Last week I discovered that I have a file held by the Lebanese Internal Security Forces. This doesn't surprise me: I'm a foreigner, I work for an organisation funded by the U.S. and operating under the auspices of the U.S. Embassy. The name on my file is mine, with the bracketed appendage "a.k.a. Koutalakis." Now, that 'nickname' is used for many things: three of my e-mail accounts have it or a version of it as the name; one of those accounts is linked to this blog so I have to suppose they are reading this too. it is also my Flickr and Facebook name. It's not that difficult to find this out and link them to me, though I think what surprises me is that anyone would bother. I suppose, charitably, that they didn't know that I wasn't a threat to national security until they had researched and found out that I wasn't.
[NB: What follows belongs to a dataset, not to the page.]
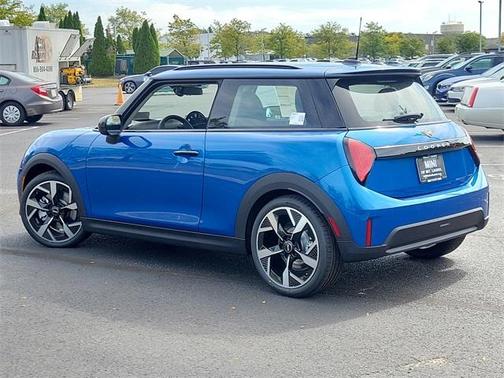 2025 MINI Hardtop Cooper S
Fair enough.
...and I wonder what else the file contains. Not much, probably, otherwise I would have been either arrested and/or deported by now.
However, the circumstances surrounding my finding out about this file are what interest me. A colleague, in the presence of a third person, happily blurted out that he knew this about me because he has a friend at the ISF who let him, or allowed him, or didn't prevent him from, seeing the files (plural). In one sense this doesn't surprise me either: such is Lebanon. I told my boss about it and asked him to give this colleague of mine the third degree, for obvious reasons. It's partly an issue of confidentiality, but not really that either: when a society is based on transparent superficiality, information becomes a commodity to be traded. So it is everywhere of course, but the information that is most privileged here is trivial information, gossip. From the upper echelons of politics in Lebanon down to the corner cafe discussions, the exchange and possession of the trivial and the superficial become a modus operandi; witness the amount of 'celebrity' magazines, pages in newspapers, and TV shows. So it is almost everywhere, of course, but in a country where even MacDonalds have a valet service and VIP parking, what appears to be so is so, irrespective of any serious criteria.
What makes this different is that this act of reductionism, this particular piece of gossip, was lifted from the secret police. What disturbs me is that I am not at all disturbed by either the existence of the file nor by the fact that whoever is in charge of it shows it to anybody he wishes to. That's Lebanon. Excellent. They can't even get internal security right...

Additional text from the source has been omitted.